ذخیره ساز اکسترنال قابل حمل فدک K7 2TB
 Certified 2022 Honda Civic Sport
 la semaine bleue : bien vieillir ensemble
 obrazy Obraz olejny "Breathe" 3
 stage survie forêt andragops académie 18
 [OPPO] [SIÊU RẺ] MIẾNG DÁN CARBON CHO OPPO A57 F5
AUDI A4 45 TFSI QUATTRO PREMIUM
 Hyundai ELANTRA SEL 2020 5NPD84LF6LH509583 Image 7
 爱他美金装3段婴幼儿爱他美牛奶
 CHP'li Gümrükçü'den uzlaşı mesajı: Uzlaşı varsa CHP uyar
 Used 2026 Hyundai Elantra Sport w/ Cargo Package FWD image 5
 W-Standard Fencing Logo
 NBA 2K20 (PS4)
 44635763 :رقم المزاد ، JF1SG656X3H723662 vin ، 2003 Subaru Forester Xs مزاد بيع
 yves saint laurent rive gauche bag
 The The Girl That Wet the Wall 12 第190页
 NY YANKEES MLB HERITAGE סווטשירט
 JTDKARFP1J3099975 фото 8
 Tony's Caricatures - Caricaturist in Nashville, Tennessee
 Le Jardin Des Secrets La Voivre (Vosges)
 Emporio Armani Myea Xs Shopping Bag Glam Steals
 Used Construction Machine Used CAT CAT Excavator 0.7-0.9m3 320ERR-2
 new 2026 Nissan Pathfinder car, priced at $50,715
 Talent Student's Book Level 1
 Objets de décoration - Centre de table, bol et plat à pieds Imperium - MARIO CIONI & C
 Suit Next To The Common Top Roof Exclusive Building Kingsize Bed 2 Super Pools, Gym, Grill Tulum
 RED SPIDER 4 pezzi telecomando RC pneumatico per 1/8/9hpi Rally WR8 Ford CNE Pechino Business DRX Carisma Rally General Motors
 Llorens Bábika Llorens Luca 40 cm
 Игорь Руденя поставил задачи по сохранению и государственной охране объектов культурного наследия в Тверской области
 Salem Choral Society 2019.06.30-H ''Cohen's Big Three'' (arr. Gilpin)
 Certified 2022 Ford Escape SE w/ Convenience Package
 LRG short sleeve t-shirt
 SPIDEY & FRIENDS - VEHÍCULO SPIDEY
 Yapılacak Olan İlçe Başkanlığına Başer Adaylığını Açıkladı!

■ PROMPT
All of the records above must be reproduced exactly.

■ WRITTEN RESPONSE
ذخیره ساز اکسترنال قابل حمل فدک K7 2TB
 Certified 2022 Honda Civic Sport
 la semaine bleue : bien vieillir ensemble
 obrazy Obraz olejny "Breathe" 3
 stage survie forêt andragops académie 18
 [OPPO] [SIÊU RẺ] MIẾNG DÁN CARBON CHO OPPO A57 F5
AUDI A4 45 TFSI QUATTRO PREMIUM
 Hyundai ELANTRA SEL 2020 5NPD84LF6LH509583 Image 7
 爱他美金装3段婴幼儿爱他美牛奶
 CHP'li Gümrükçü'den uzlaşı mesajı: Uzlaşı varsa CHP uyar
 Used 2026 Hyundai Elantra Sport w/ Cargo Package FWD image 5
 W-Standard Fencing Logo
 NBA 2K20 (PS4)
 44635763 :رقم المزاد ، JF1SG656X3H723662 vin ، 2003 Subaru Forester Xs مزاد بيع
 yves saint laurent rive gauche bag
 The The Girl That Wet the Wall 12 第190页
 NY YANKEES MLB HERITAGE סווטשירט
 JTDKARFP1J3099975 фото 8
 Tony's Caricatures - Caricaturist in Nashville, Tennessee
 Le Jardin Des Secrets La Voivre (Vosges)
 Emporio Armani Myea Xs Shopping Bag Glam Steals
 Used Construction Machine Used CAT CAT Excavator 0.7-0.9m3 320ERR-2
 new 2026 Nissan Pathfinder car, priced at $50,715
 Talent Student's Book Level 1
 Objets de décoration - Centre de table, bol et plat à pieds Imperium - MARIO CIONI & C
 Suit Next To The Common Top Roof Exclusive Building Kingsize Bed 2 Super Pools, Gym, Grill Tulum
 RED SPIDER 4 pezzi telecomando RC pneumatico per 1/8/9hpi Rally WR8 Ford CNE Pechino Business DRX Carisma Rally General Motors
 Llorens Bábika Llorens Luca 40 cm
 Игорь Руденя поставил задачи по сохранению и государственной охране объектов культурного наследия в Тверской области
 Salem Choral Society 2019.06.30-H ''Cohen's Big Three'' (arr. Gilpin)
 Certified 2022 Ford Escape SE w/ Convenience Package
 LRG short sleeve t-shirt
 SPIDEY & FRIENDS - VEHÍCULO SPIDEY
 Yapılacak Olan İlçe Başkanlığına Başer Adaylığını Açıkladı!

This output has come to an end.